It was a comfortable victory for Jamie Whincup in Race 19 of the Supercars championship, the opening race of the weekend at the NTI Townsville SuperSprint as the seven-time champion cruised to an unrivalled win.
The Red Bull pilot’s nearest challenger was Cam Waters who finished 6.8s behind at the chequered flag for his third podium finish of the year after a late move on Chaz Mostert who rounded out the rostrum.
Concluding a turbulent day at the office was Scott McLaughlin who expiated his qualifying disaster to finish seventh.
But the silent star of the show was undoubtedly Chris Pither who benefited from a manic opening lap before vying with much faster cars in the latter stages of the race as the Kiwi clung on to an impressive P11.
A rapid start by Whincup gave him a comfortable lead on the run into Turn 1 as David Reynolds was swamped from the second spot in the grid.
But a clumsy Turn 1 tangle punctuated the opening lap as Lee Holdsworth drilled into the rear of Mark Winterbottom which resulted in a train of cars tripping over one of another.
Anton de Pasquale was pitched 180 degrees as Shane Van Gisbergen was carried along with the inertia of the incident into the rear of the stricken Penrite car. The front splitter of Van Gisbergen suffered a nasty punch as the Kiwi limped home to the pitlane.

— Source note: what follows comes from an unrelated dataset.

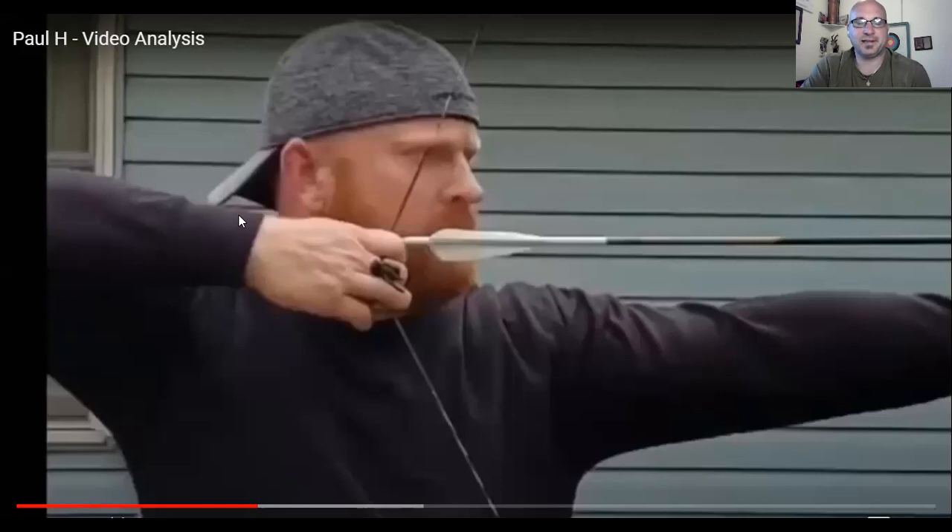Welcome back to the Barebow Project. I'm doing another form evaluation — or more of a form comparison. Some time ago, maybe going on two years, I did a video analysis with Paul Helms. If you're familiar with barebow, you probably know Paul. He shoots a lot of online stuff, does quite a bit of live feeds mostly in the Push Listeners group, and shoots the Barebow Project tournaments, the Traditional Archery Society circuit, and IBO stuff.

Further down the road a wounded Andre Heimgartner ambled home with significant front right damage. Todd Hazelwood and Zane Goddard were also early exits as they retired with wounded cars.
The race remained green and Reynolds woeful start was compounded when Waters scythed by at Turn 1.
Despite baring a mutilated rear bumper as a consequence of being tangled in the opening lap shenanigans, McLaughlin found himself up eight spots to run inside the top-10 by the time he was whistled into the pitlane on Lap 9.
The biggest winner across the opening stint was Pither who capitalised on his rivals’ misfortunes to elevate himself ten positions and on the fringe of the top-10.
Upfront, Whincup was sailing away from the challenging pack as Mostert languished three-seconds adrift and was being hounded from behind by a laser-focused Waters.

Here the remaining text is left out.